PROBLEM REQUIREMENTS: Make an exact copy of all the data, pictures excluded.

INFORMATION SHOWN:

· · · · ·

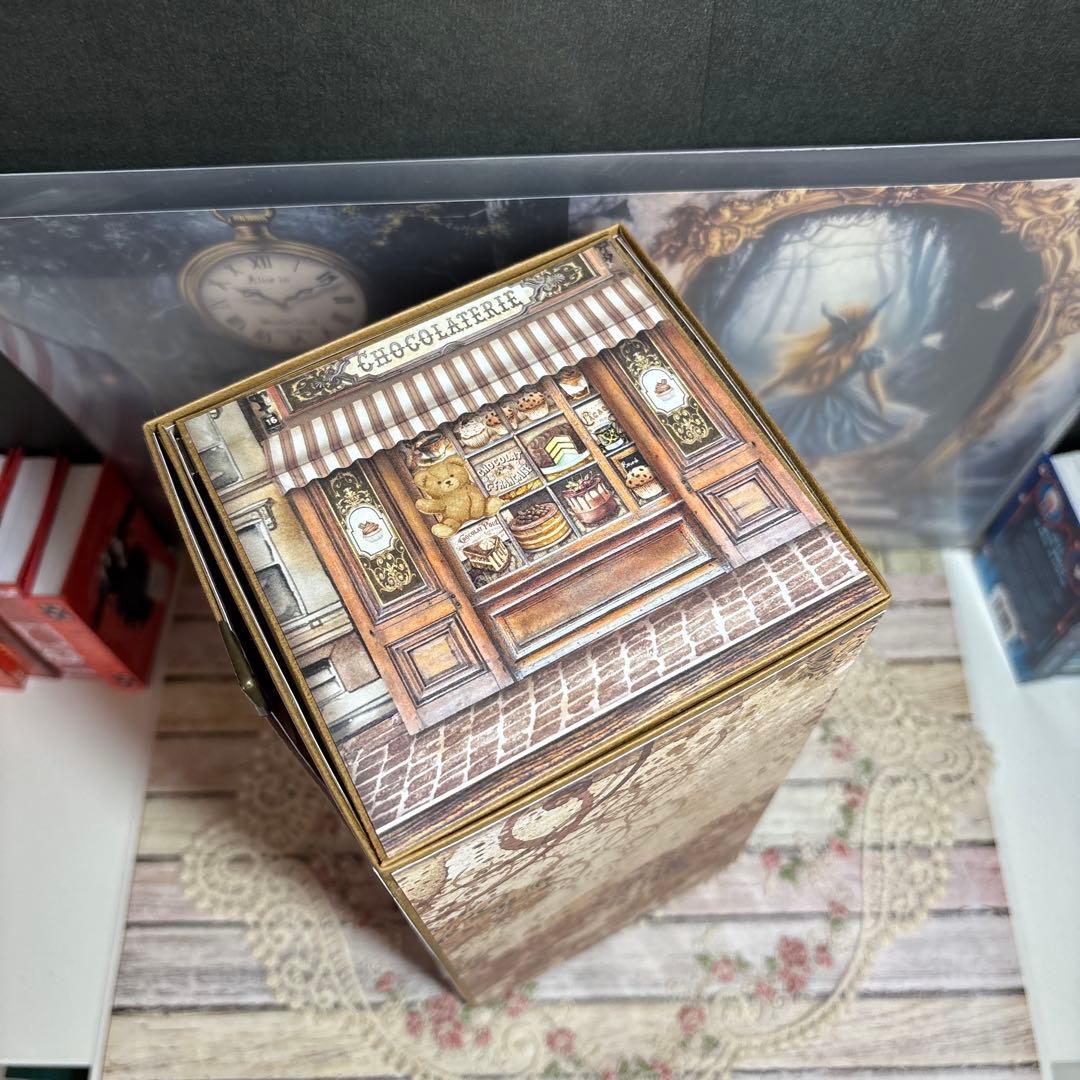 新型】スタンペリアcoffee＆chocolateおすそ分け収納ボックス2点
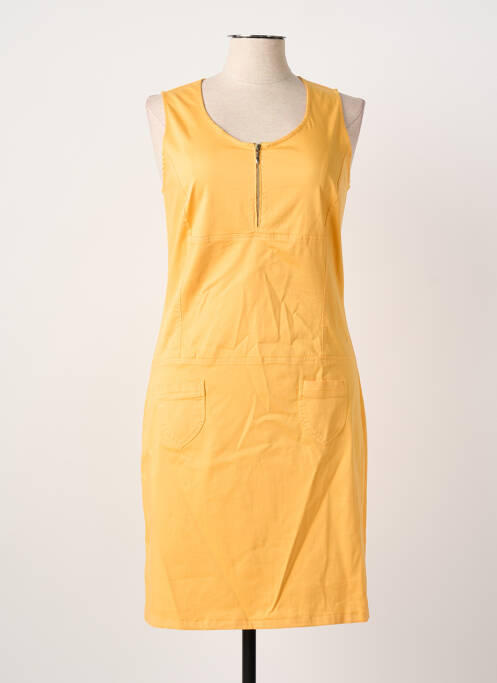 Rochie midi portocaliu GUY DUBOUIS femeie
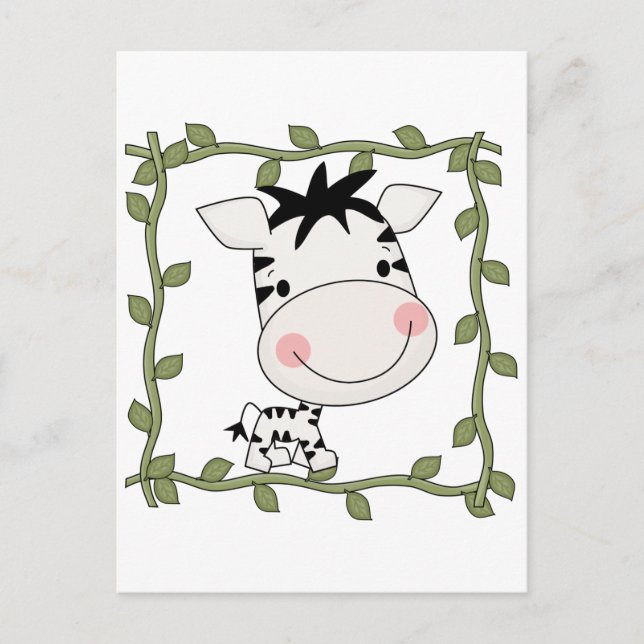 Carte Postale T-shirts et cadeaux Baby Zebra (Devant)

· · · · ·

ANSWER:
 新型】スタンペリアcoffee＆chocolateおすそ分け収納ボックス2点
 Rochie midi portocaliu GUY DUBOUIS femeie
 Carte Postale T-shirts et cadeaux Baby Zebra (Devant)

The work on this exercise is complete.